Hulk Hogan was born Terry Bolea and attended high school in Tampa, Fla.
Hogan broke into the wrestling business in the late 1970's, working under names like Terry Boulder.
Hogan and his 24-inch pythons ran wild when Hulkamania swept the globe in the 1980's.
Hogan shocked the world when he bodyslammed the 520-pound Andre the Giant at Wrestlemania III.
Hogan's movie debut was in "Rocky III" as Thunderlips, a wrestler Rocky takes on at a charity event.
Hogan later starred alongside Christopher Lloyd in "Suburban Commando," one of many critical and commercial bombs Hogan was involved in.
Hogan admitted to taking steroids while testifying during a federal trial against WWF owner Vince McMahon. Hogan denied McMahon supplied or forced him to take the steroids, resulting in McMahon's acquittal.

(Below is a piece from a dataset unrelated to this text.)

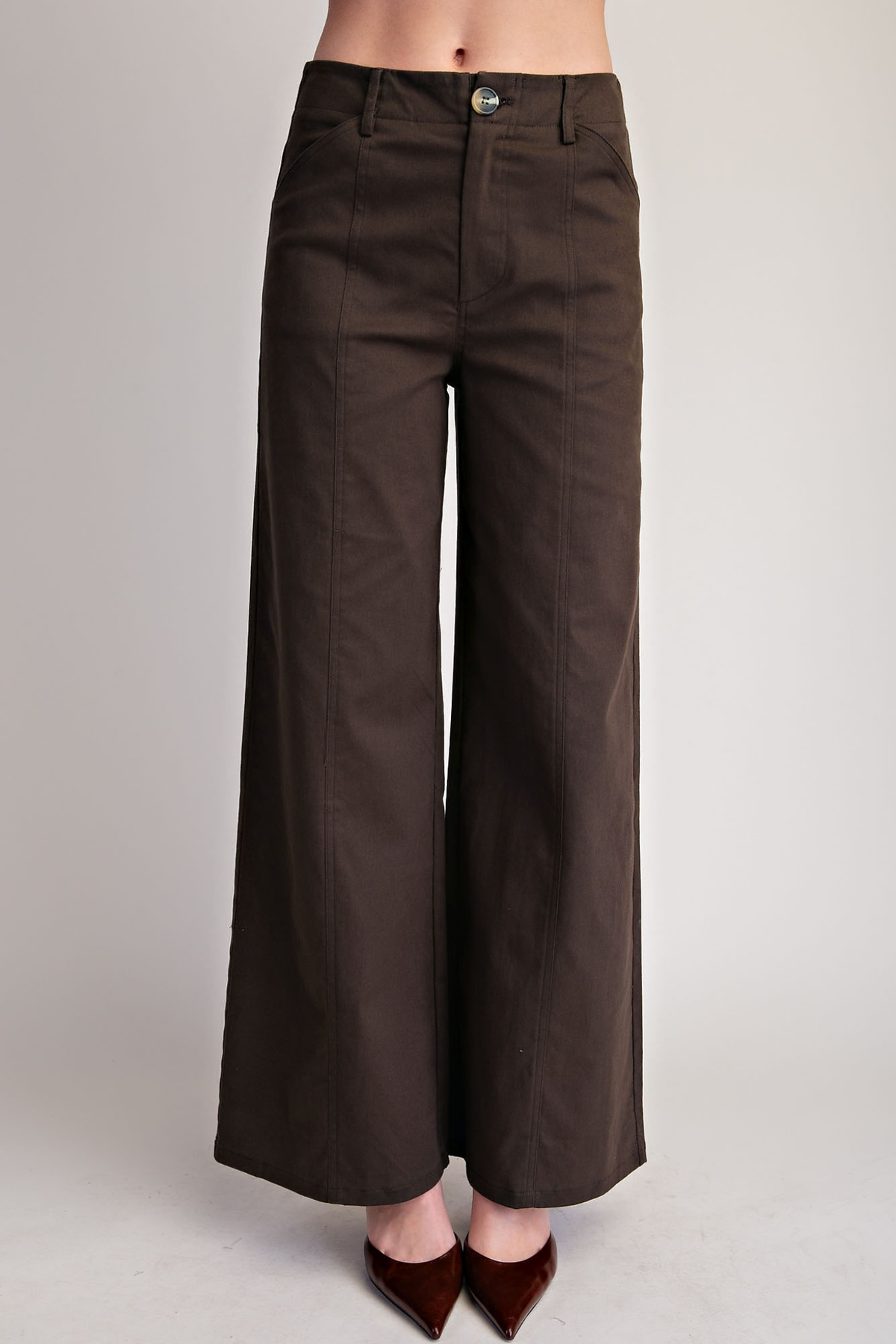 A person wearing dark brown wide-leg cropped pants with a button waistband, shown from the waist down against a light gray studio background.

Hogan left WWF and competed in WCW from 1994 to 2000. While there, he teamed with Scott Hall and Kevin Nash to form the infamous New World Order.

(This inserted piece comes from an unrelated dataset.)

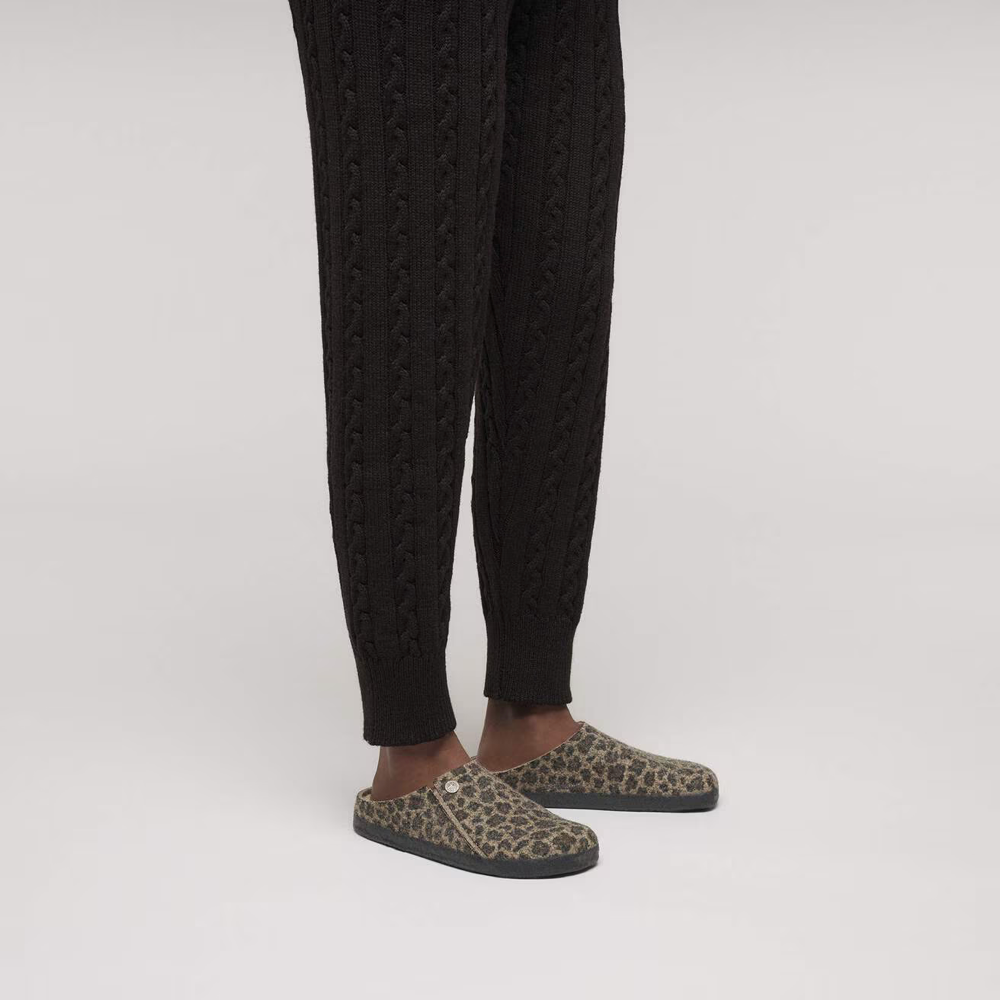 Model view of Birkenstock Zermatt Shearling Slip On Clog Slipper for women.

Hogan returned to WWF in 2002 and faced off against The Rock at Wrestlemania X8.
Hogan starred in "Hogan Knows Best," a reality show with his family, from 2005 to 2007. The show was abruptly cancelled after Hogan's wife, Linda Claridge, filed for divorce when she discovered Hogan cheated on her during filming.

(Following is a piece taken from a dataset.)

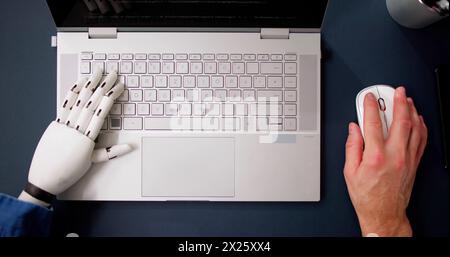 Man With Prosthetic Hand Working On Laptop. Artificial Limb Stock Photo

A few months prior to the divorce, Hogan was harshly criticized after his son was sent to jail for reckless driving that left a friend with irreversible brain damage. Tapes released by local police revealed Hogan and his son blaming the victim during a phone call and planning to capitalize on the crash with a reality TV deal.
Hogan moved to TNA Wrestling in 2010, immediately becoming a major character in the promotion. He returned to WWE in 2014.
A clip from a sex tape featuring Hogan and Heather Clem, ex-wife of Bubba The Love Sponge, is published on Gawker in October 2012.
After returning to WWF, now called WWE, in 2014, Hogan was fired in July 2015 after a racist rant from his sex tapes was released by the National Enquirer.
On March 7, the trial between Hogan and Gawker began. Hogan is suing Gawker for $100 million in damages, accusing the outlet of invasion of privacy.
On March 18, Hogan was awarded $115 million (more than the amount he was seeking) after a ten-day trial and less than a day of deliberation by the jury.